Que nadie se engañe. Una candidatura al Oscar exige tanto ánimo de "apostar por el arte" como voluntad de jugar al jueguito de la industria. No importa si estás haciendo una película sobre Martin Luther King ("Selma"), un francotirador en Irak ("American Sniper") o la infancia de un niño en Texas ("Boyhood"). Entre diciembre y febrero estás obligado a dar todas las entrevistas que sean necesarias, caminar por media docena de alfombras rojas, preparar varios discursos de aceptación y aplaudir con tu mejor cara a los ganadores. Da lo mismo si llevas la procesión por dentro. No hay caso: así funciona el negocio.

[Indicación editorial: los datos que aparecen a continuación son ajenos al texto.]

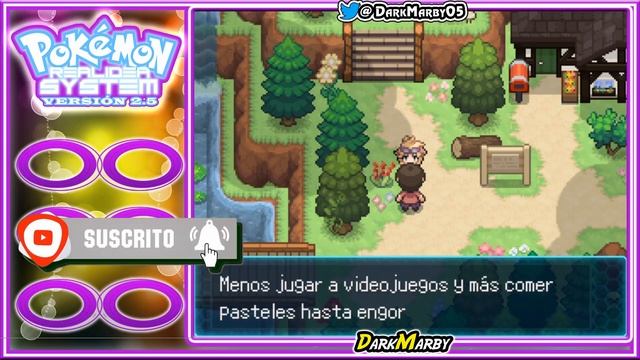 Pokémon Realidea System v2.5 #01 REGRESAMOS A ESOTERIA смотреть онлайн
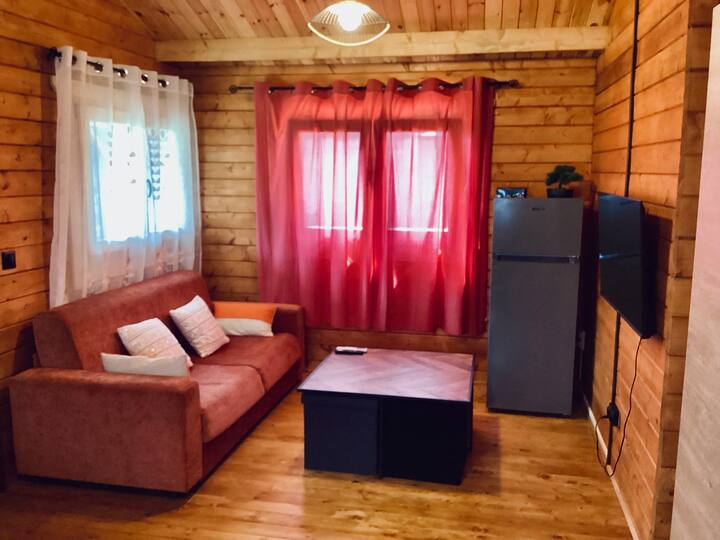 Bungalow Cosy, Tout Confort - Saint Joseph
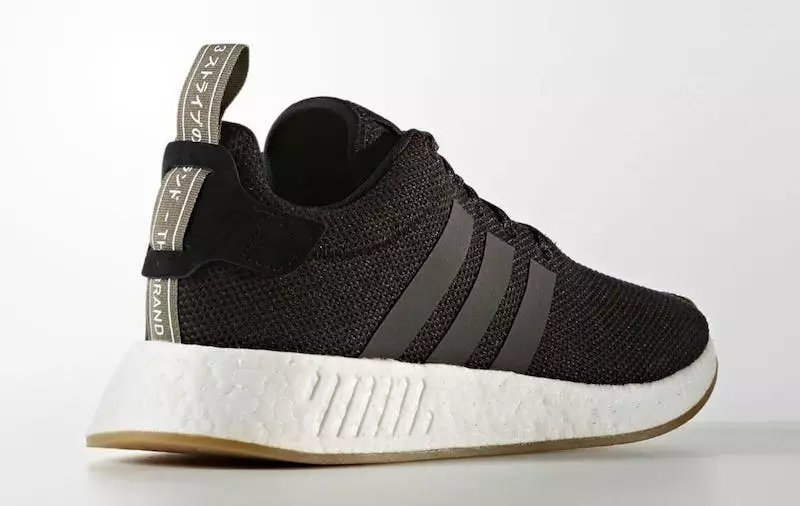 adidas NMD R2 Qara Saqqız BY9917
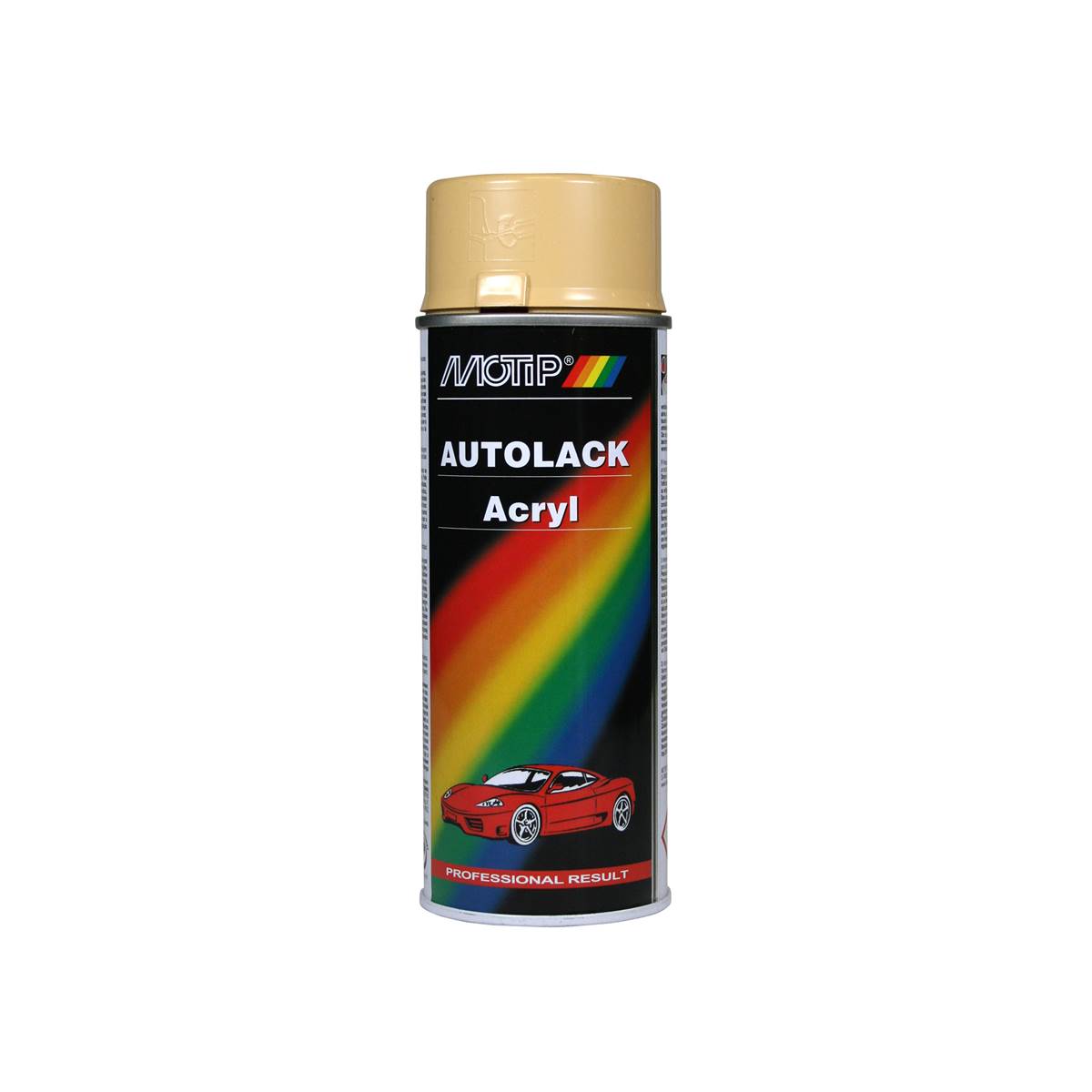 Peinture Aérosol 400ml Motip 43300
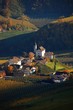 Veduta di Missiano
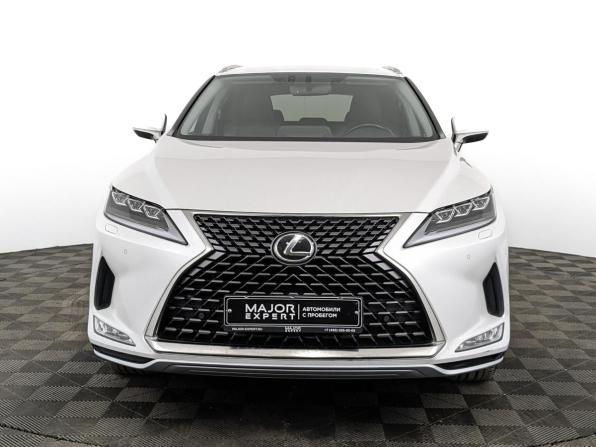 Lexus RX IV Рестайлинг с пробегом 2020 года, цена 5 095 000 рублей, 53281 км, внедорожник, Автокод Объявления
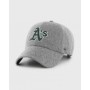Gorra 47 Brand Clean Up Jersey Oakland Athletic´s Strapback
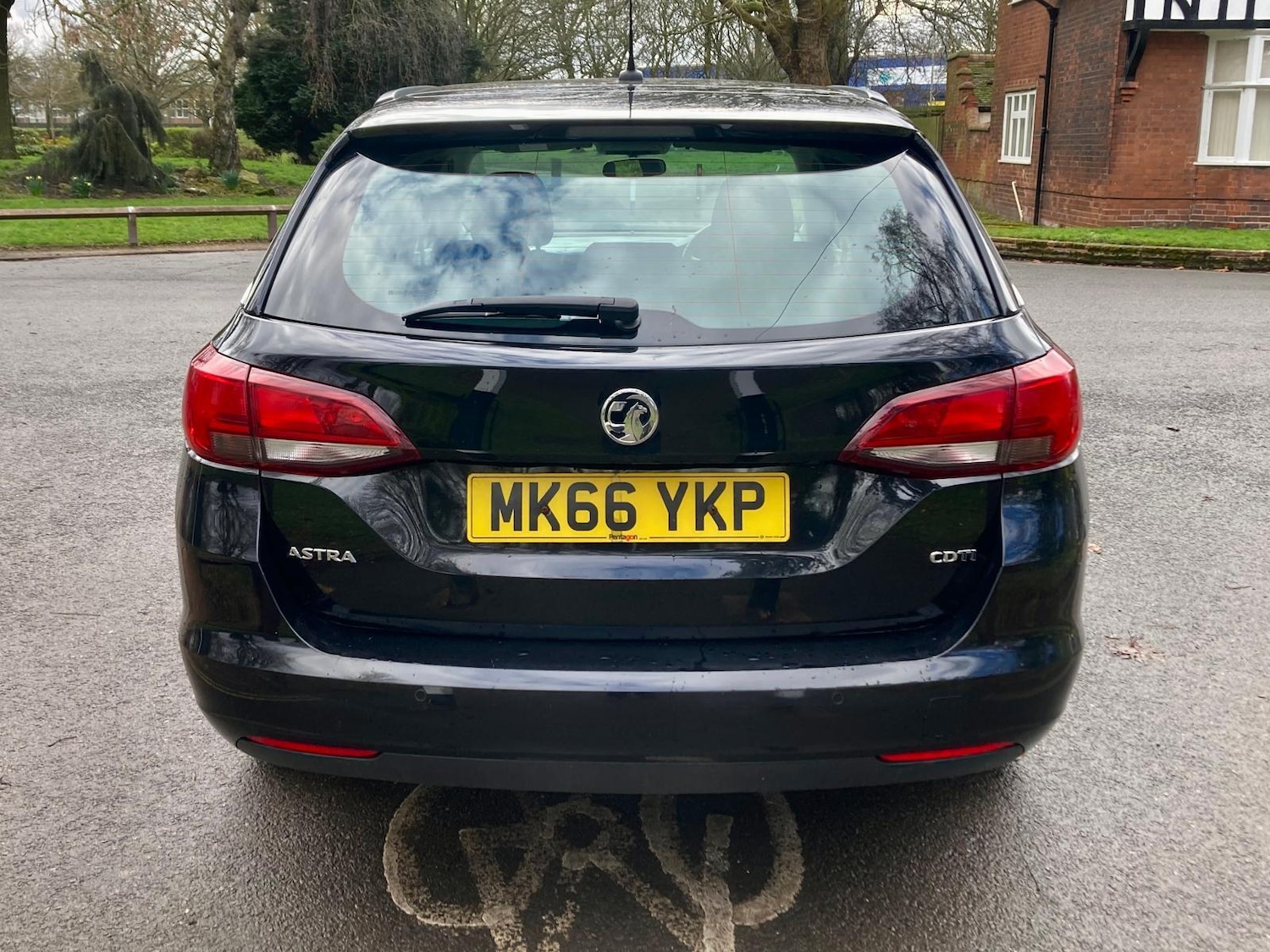 Used Vauxhall Astra 2016 for sale - 77934439: Photo 5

Por lo mismo, impresiona la franqueza, la crueldad y el sentido del humor con que lo enfrenta "Birdman", cinta que hoy figura compitiendo en nueve categorías y que, a primera vista, es la clase de historia que le encanta a la Academia: la odisea de Riggan Thompson, un actor que -años después de encarnar a un superhéroe en el cine- quiere redimirse ante el público y ante él mismo, montando una obra de teatro en Broadway al tiempo que todos sus demonios internos vuelven a acosarlo. Pero eso no es todo. Michael Keaton -el actor que protagoniza el filme- pasó por algo similar a mediados de los 90, cuando su carrera se fue al tacho después de negarse a seguir haciendo filmes de Batman junto a Tim Burton. Y claro, Birdman es la producción que lo "trae de vuelta" y además lo hace con un desafío técnico que quita el aliento: la película está presentada como una gigantesca toma continua, con una cámara que sigue a los actores, que se convierte en ellos, que los espía, los cuestiona y los empuja al límite.
La narrativa de todo el asunto, tanto dentro como fuera de la pantalla, es demasiado perfecta y circular, demasiado tentadora como para ignorarla, como para no "premiarla" y, al mismo tiempo, reconocer también que puede descomponerse en un gigantesco cúmulo de lugares comunes, libres para asociarse en la combinación que mejor le haga sentido al espectador. Sabemos que una de las especialidades de Hollywood es construir historias sobre la base de clichés; pero abocada a ese mismo desafío, "Birdman" simplemente da vuelta el juego: protagonista desesperado, redención, el teatro como correlato de la vida real, actores malditos, familia en crisis, el esplendor y la locura de Nueva York, crisis del macho americano, crítica a las redes sociales, a las superproducciones, a los medios, a las relaciones interpersonales, e incluso crítica a los críticos. Todo eso y más va girando sin parar, cocinándose a máxima temperatura en las manos del director Alejandro G. Iñárritu (quien, lógicamente, quiere su Oscar) y Emmanuel Lubezki, su brillante director de fotografía (quien ya tiene el suyo), los dos conscientes de "Birdman" no como un filme sobre la condición humana o sobre el mundo del espectáculo, sino una suerte de diabólico carnaval; uno que puede orquestarse a puertas cerradas, en los laberínticos pasillos del teatro St. James, o (si se abren las puertas y se caminan unos cuantos pasos) en el decadente y desquiciado esplendor de Times Square. En ambos escenarios, el egocéntrico y delirante Riggan Thompson se jugará la vida por su proyecto. En ambos, su quijotada tocará el cielo y el suelo. Tan vital como fútil. Tan sublime como ridícula.
BIRDMAN
(Estados Unidos, 2014). Con Michael Keaton y Edward Norton. Dirección de Alejandro G. Iñárritu. 119 min.